Finally, we examined whether changes in modularity were associated with the amount of learning. To do so, we explored the presence of a linear association between the amount of learning achieved during the practice session and the baseline level of modularity before the MSL practice session, and also between the amount of learning and the change in modularity observed 30 min post learning. We found that network modularity at baseline related negatively to the amount of learning (r = −0.5, P = 0.014), suggesting that a more integrated community-structure may represent an optimal network state that favors the ability to learn a novel motor sequence (Fig. 3C, left panel). This finding can be linked with previous work that showed that visual-motor connectivity at baseline is related with the learning rate (Mattar et al. 2018). On the other hand, we found that the difference in modularity levels between the pre learning and the 30 min post learning session correlated positively with the amount of total learning during the initial session of training (r = 0.48, P = 0.044, Bonferroni-corrected for two comparisons), indicating that better learning was associated with a more segregated community structure (Fig. 3C, right panel). No significant association was found between the level of offline gains observed overnight and the difference in modularity (r = −0.39, P = 0.16, CI [−0.071,0.06]), further strengthening a transient effect of MSL on the global analysis.

Altogether, our results suggest that MSL induced an increment in brain modularity leading to a more segregated functional network in terms of information transmission and processing, that related to the amount of learning. This configuration was transient in that it returned to baseline 24 h post learning. The fact that the baseline level of brain modularity correlated with the ability to learn a novel motor sequence points to this metric as a valuable predictive tool to be considered in clinical—rehabilitation—settings.

Edges analysis

Once we identified how MSL affected global information transmission in the whole-brain network, we explored learning-related changes at the edge level to identify the individual functional interactions between pairs of regions whose weights were modified by learning. For practicality, we split the analysis to identify changes in connectivity relative to the baseline that took place 30 min (baseline vs 30 min) and 24 h post training (baseline vs 24 h, and 30 min vs 24 h).

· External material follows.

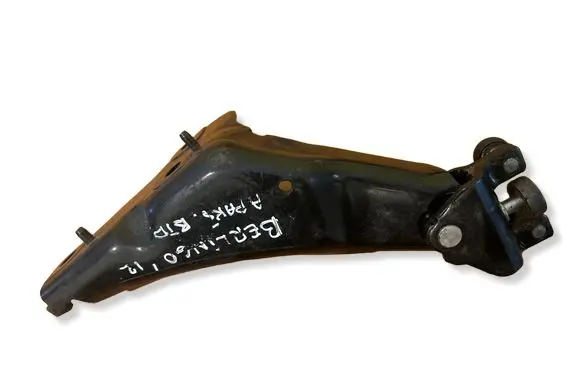 Citroen Berlingo Sliding door lower roller guide/hinge 9680486680F06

The mass-univariate analysis of the functional connectome revealed that a set of five edges between the left hemisphere hippocampus and bilateral sensorimotor areas (from now on referred to as the hippocampal-sensorimotor network, Fig. 4, left panel) and a set of seven edges between the bilateral striatum and premotor areas (referred to as striatal-premotor network, Fig. 4, right panel) presented a significant change in their weights 30 min post MSL training (baseline vs 30 min, P < 0.05 after FDR correction for all edges), but not at 24 h (baseline vs 24 h, P > 0.05 for all edges after FDR correction). The same tests conducted for all edges on the CTL task yielded no significant differences (baseline vs 30 min, P > 0.56 for all edges after FDR correction; baseline vs 24 h, P > 0.9 for all edges after FDR correction). Furthermore, a more liberal statistical analysis conducted for the CTL group on the 12 edges modulated by MSL (Fig. 4, left panel) yielded no significant differences (P > 0.24, FDR corrected for 12 edges), hence suggesting that the connectivity changes identified in these two networks were specific to learning.

 Edges analysis. MSL-related changes in connectivity detected 30 min post learning in a hippocampal-sensorimotor network (left panel) and in a striatal-premotor network (right panel). Shown are the edges showing a significant difference between the baseline and 30 min conditions. As depicted in the distribution profiles, the functional connectivity of the hippocampal-sensorimotor network decreased whereas that of the striatal-premotor network increased 30 min post learning (baseline vs 30 min, P < 0.05 after FDR correction for all edges; baseline vs 24 h, P > 0.05 after FDR correction for all edges). The cortical parcels are labeled and color coded according to the Schaefer network parcellation.
Fig. 4

Edges analysis. MSL-related changes in connectivity detected 30 min post learning in a hippocampal-sensorimotor network (left panel) and in a striatal-premotor network (right panel). Shown are the edges showing a significant difference between the baseline and 30 min conditions. As depicted in the distribution profiles, the functional connectivity of the hippocampal-sensorimotor network decreased whereas that of the striatal-premotor network increased 30 min post learning (baseline vs 30 min, P < 0.05 after FDR correction for all edges; baseline vs 24 h, P > 0.05 after FDR correction for all edges). The cortical parcels are labeled and color coded according to the Schaefer network parcellation.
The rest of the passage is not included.